WESTERN tradition has given work a bad deal. This goes back to Adam and Eve. Their idyll in Eden ends when they listen to the serpent and eat the fruit of  knowledge disobeying God. He curses them and their progeny to live by the "sweat of their brow". One moral for modern times could be : ignore the whispering in the wood; pray in the Chappell if you want to play at Eden Gardens!

A Sumerian myth provides a more plausible twist to the Biblical story : the senior gods spend their time in leisure, while the junior gods have to labour at tasks like digging up canals, planting crops and tending the gardens. Eventually, the junior gods rebel against work and their life of unending drudgery. They threaten to overturn the heavenly order.

That's when the senior god Enki goes on to creating the first man from clay. Sumerian Adam is the original "Fall Guy", someone who has to work so that the gods or the bosses can play! Now all that work and no play do mark Adam and his kin very dull indeed. Which may explain why so many people love to hate work ( or the soul-killing toil opposed to play).

By the same token, most of us harbour fantasies of walking away from 'work' to pursue a dream of our own, at our leisure. But not everybody gets to turn that into reality as Sunil Mittal, Bharti Airtel CEO, has done at 50. Just as Bill Gates did at Microsoft a few years ago, Mr. Mittal is opting out of the daily nittygritty of managing his companies, to focus on "mentoring, strategy and governance."
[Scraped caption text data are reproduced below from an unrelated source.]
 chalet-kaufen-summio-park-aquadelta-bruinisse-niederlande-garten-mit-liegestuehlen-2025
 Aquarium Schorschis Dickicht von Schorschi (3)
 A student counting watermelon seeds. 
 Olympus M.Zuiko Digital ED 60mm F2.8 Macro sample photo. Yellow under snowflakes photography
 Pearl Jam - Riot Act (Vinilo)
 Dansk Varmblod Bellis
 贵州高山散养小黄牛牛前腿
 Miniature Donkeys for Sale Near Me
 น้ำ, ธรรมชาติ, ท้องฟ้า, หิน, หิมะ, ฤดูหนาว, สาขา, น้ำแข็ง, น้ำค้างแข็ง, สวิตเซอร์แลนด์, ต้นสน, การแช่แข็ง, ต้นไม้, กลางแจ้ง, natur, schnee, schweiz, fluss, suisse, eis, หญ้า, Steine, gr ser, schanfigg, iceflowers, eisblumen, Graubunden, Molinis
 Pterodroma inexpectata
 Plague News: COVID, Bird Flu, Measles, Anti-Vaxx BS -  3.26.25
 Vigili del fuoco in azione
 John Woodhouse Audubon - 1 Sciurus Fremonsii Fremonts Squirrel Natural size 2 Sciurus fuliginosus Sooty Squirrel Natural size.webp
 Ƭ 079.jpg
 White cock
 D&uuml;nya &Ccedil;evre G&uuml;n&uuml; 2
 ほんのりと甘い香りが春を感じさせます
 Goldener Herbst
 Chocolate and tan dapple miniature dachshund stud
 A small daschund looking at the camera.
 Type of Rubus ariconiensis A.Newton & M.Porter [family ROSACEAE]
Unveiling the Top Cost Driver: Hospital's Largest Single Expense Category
His retirement is hardly a retreat to the dwindling forest on the Delhi Ridge. But one is tempted to term it 'Vanaprastha at 50,' which marks the most mature phase of life's journey envisioned in the four ashramas of the Indian tradition. This begins with the student in his bachelor digs. Then comes the householder and his family--- whom companies such as Airtel just love to dote on--- followed by the grey eminence phase that goes back to the basics, in harmony with nature and environment.

You can opt out of these stages at any time, as Adi Shankara or the Buddha did, for the finale. Self-actualisation also marks the pinnacle of human hierarchy of needs portrayed by psychologist Abraham Maslow. That also comes after your basic hungers and drives have been met. that's when you itch for biggest goal of all.